**What you are asked to do:** Go through the listing beneath this task and return every line that carries the string "Casual".

**Given records:**
********************

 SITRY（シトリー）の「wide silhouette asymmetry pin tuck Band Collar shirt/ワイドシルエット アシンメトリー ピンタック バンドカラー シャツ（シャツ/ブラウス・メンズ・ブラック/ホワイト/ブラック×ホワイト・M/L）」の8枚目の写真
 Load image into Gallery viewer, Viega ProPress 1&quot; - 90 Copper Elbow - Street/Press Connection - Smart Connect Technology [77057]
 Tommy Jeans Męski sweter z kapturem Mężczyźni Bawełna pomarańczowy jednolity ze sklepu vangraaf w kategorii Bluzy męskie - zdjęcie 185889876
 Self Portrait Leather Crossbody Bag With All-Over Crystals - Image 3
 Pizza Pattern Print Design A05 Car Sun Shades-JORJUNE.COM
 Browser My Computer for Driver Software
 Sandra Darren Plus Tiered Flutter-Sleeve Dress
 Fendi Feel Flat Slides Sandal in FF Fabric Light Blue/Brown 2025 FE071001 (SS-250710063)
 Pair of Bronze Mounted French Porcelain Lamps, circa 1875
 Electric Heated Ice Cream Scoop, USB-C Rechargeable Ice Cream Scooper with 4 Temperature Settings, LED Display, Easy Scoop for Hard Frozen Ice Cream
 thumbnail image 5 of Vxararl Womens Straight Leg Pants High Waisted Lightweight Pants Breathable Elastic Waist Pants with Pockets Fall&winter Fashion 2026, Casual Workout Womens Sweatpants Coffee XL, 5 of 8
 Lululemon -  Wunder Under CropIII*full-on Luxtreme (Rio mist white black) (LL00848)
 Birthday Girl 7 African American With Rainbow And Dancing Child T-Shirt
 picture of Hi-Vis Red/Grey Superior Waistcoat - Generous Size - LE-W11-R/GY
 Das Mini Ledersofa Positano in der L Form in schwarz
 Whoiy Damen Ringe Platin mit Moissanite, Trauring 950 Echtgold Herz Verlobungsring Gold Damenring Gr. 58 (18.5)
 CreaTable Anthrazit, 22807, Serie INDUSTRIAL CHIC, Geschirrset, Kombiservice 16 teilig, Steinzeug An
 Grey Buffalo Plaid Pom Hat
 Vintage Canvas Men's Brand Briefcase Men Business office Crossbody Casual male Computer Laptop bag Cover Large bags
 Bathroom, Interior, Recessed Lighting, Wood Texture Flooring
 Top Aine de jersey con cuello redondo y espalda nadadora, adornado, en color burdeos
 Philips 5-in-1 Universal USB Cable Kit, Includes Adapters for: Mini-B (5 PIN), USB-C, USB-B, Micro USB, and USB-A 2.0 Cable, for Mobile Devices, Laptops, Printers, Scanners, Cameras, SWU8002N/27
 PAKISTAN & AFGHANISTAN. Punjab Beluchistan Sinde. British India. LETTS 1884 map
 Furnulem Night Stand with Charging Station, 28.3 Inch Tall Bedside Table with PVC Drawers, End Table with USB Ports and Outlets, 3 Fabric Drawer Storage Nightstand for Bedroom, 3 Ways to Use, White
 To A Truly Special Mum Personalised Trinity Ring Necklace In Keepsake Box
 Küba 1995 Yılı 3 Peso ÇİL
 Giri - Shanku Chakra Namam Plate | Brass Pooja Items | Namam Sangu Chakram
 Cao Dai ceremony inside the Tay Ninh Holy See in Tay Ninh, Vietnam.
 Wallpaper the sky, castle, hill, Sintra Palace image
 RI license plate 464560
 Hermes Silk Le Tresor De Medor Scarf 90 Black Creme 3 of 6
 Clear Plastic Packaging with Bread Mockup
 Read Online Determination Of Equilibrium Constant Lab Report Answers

********************

**Problem solution:**
 thumbnail image 5 of Vxararl Womens Straight Leg Pants High Waisted Lightweight Pants Breathable Elastic Waist Pants with Pockets Fall&winter Fashion 2026, Casual Workout Womens Sweatpants Coffee XL, 5 of 8
 Vintage Canvas Men's Brand Briefcase Men Business office Crossbody Casual male Computer Laptop bag Cover Large bags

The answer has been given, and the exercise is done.